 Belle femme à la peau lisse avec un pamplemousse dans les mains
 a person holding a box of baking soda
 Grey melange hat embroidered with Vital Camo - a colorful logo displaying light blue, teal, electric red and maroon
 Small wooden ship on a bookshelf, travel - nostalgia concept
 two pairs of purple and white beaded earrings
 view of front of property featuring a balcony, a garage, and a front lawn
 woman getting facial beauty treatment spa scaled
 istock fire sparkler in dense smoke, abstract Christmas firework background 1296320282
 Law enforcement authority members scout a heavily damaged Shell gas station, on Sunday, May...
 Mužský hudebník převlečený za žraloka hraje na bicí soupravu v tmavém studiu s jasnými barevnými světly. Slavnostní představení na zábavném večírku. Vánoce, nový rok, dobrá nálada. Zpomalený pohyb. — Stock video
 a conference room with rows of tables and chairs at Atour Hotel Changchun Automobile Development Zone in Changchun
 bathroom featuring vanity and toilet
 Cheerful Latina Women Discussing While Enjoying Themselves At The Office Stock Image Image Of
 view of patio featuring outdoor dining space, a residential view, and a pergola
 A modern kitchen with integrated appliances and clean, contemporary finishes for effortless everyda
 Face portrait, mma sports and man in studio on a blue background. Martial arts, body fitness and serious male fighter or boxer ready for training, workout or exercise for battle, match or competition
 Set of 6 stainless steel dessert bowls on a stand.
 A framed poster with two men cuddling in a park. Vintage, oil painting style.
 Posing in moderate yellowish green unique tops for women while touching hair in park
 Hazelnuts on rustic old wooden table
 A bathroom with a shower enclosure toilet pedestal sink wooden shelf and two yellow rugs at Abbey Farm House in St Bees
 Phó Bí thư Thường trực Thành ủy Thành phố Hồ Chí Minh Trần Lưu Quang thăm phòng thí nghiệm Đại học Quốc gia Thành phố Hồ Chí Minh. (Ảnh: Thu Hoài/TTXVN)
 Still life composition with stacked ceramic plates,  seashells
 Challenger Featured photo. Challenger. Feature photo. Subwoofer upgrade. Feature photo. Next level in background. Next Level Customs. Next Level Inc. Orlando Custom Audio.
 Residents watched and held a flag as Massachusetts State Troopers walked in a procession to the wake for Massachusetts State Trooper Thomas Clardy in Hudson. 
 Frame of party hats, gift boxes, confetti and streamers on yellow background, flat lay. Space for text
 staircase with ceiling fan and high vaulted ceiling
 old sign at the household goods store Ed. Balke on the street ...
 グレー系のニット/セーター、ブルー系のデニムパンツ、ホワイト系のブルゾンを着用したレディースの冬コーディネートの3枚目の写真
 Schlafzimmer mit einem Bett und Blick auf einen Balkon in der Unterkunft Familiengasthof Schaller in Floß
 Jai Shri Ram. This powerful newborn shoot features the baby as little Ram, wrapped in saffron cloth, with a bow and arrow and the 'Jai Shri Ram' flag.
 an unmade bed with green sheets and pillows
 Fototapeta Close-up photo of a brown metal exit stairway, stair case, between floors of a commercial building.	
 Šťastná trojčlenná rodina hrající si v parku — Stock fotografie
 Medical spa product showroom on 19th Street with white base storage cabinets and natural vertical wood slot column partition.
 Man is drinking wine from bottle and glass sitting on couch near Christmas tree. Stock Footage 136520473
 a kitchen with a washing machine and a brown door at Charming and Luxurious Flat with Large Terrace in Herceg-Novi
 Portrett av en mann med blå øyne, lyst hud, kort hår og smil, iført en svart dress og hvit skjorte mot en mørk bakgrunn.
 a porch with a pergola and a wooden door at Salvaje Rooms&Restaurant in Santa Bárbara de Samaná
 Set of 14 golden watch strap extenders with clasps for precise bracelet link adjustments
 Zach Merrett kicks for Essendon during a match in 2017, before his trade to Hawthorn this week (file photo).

- **The problem**
Would you please copy exactly the part of the entries above that begins at the line containing "Portrett av en" and ends at the line containing "Set of 14 golden", both lines included?

- **Solution for this problem**
 Portrett av en mann med blå øyne, lyst hud, kort hår og smil, iført en svart dress og hvit skjorte mot en mørk bakgrunn.
 a porch with a pergola and a wooden door at Salvaje Rooms&Restaurant in Santa Bárbara de Samaná
 Set of 14 golden watch strap extenders with clasps for precise bracelet link adjustments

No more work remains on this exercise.